(Extracted records)
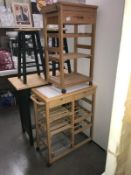 2 pine tile top portable kitchen units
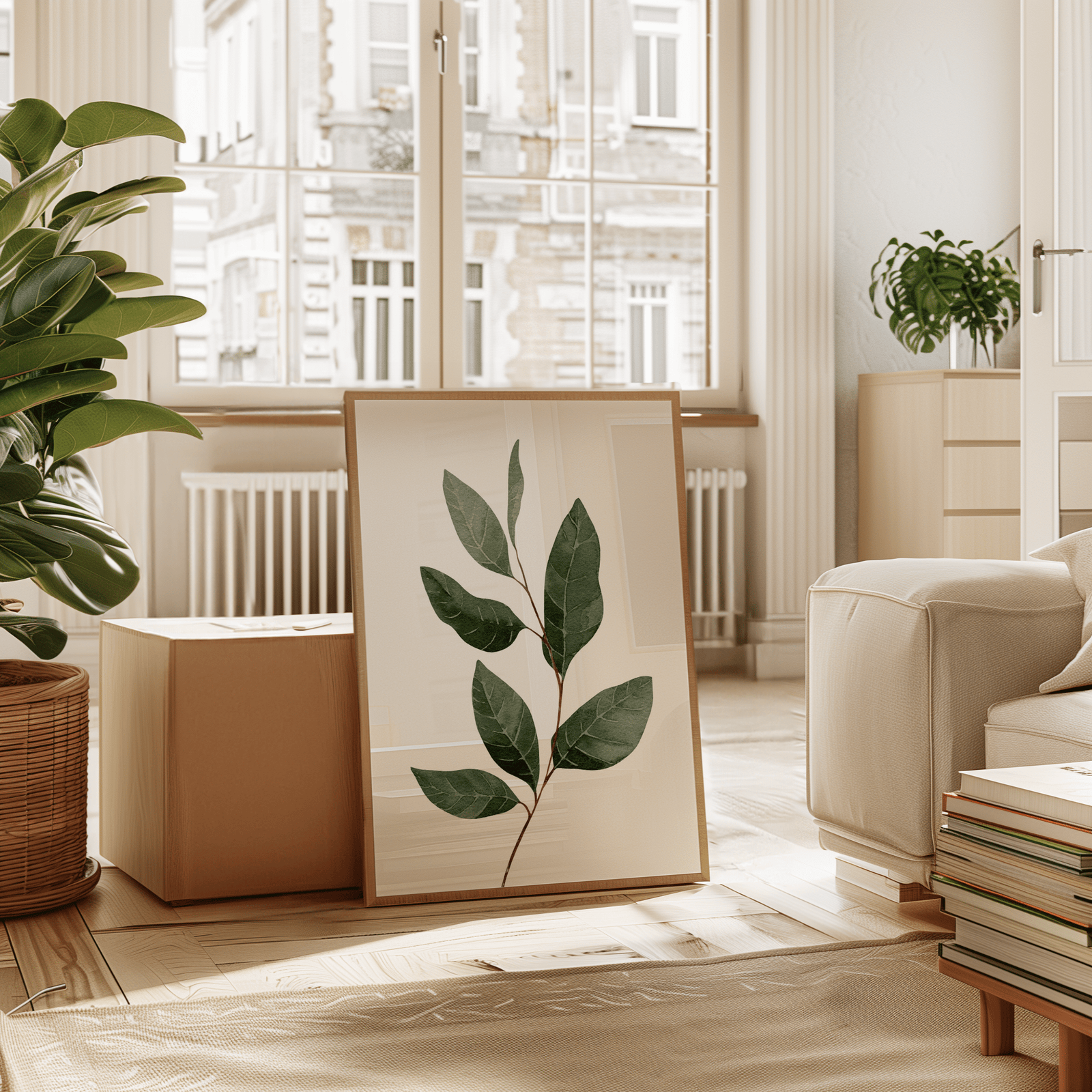 Green leaf wall art in a natural wood frame leaning in a sunlit living room with plants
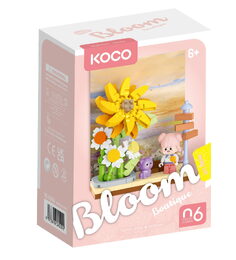 Stavebnice mini KOCO Květinová scenérie plast 6 druhů v krabičce 10x14x6cm 6ks v boxu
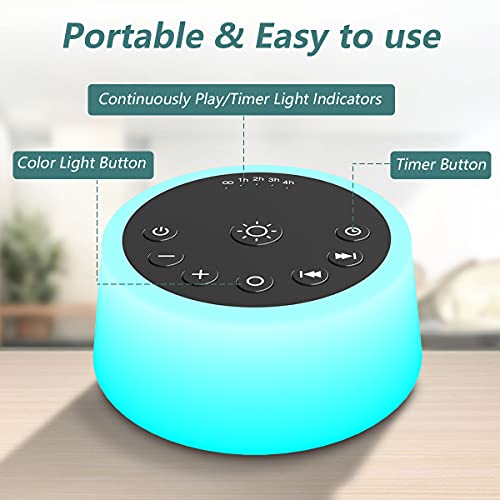 Soothing Sound Machine with Night Light & Timers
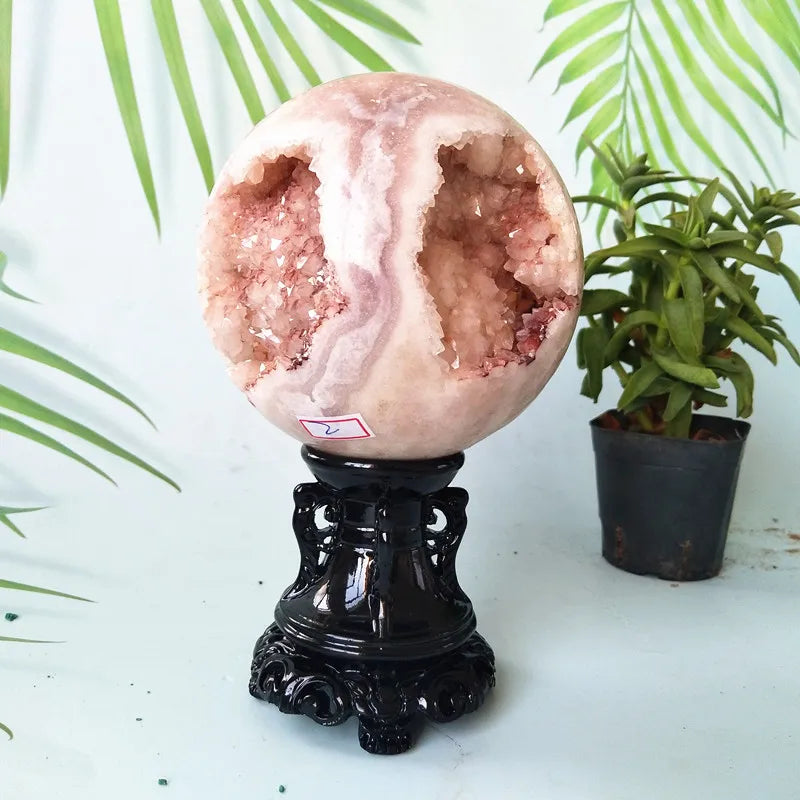 Brazil Natural Pink Amethyst Geode Crystal Sphere.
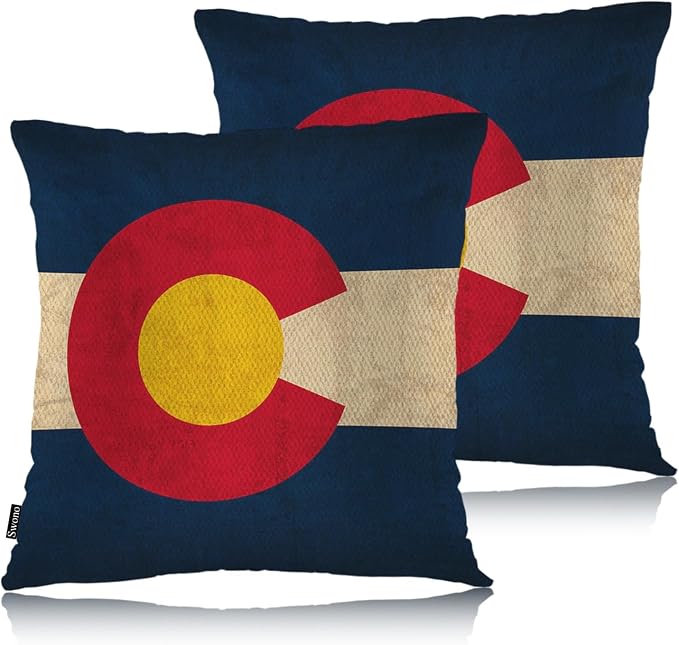 Swono Colorado Flag Decorative Throw Pillow Case 18" X 18", Grunge Colorado State Flag of America Standard Pillow Covers, Set of 2 Throw Pillowcase Cushion Cover for Home Bedroom Sofa Car Seats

- _Work instructions_
The pictures should be dropped, and every line above should be set down again exactly.

- _Reply to the exercise_
 2 pine tile top portable kitchen units
 Green leaf wall art in a natural wood frame leaning in a sunlit living room with plants
 Stavebnice mini KOCO Květinová scenérie plast 6 druhů v krabičce 10x14x6cm 6ks v boxu
 Soothing Sound Machine with Night Light & Timers
 Brazil Natural Pink Amethyst Geode Crystal Sphere.
 Swono Colorado Flag Decorative Throw Pillow Case 18" X 18", Grunge Colorado State Flag of America Standard Pillow Covers, Set of 2 Throw Pillowcase Cushion Cover for Home Bedroom Sofa Car Seats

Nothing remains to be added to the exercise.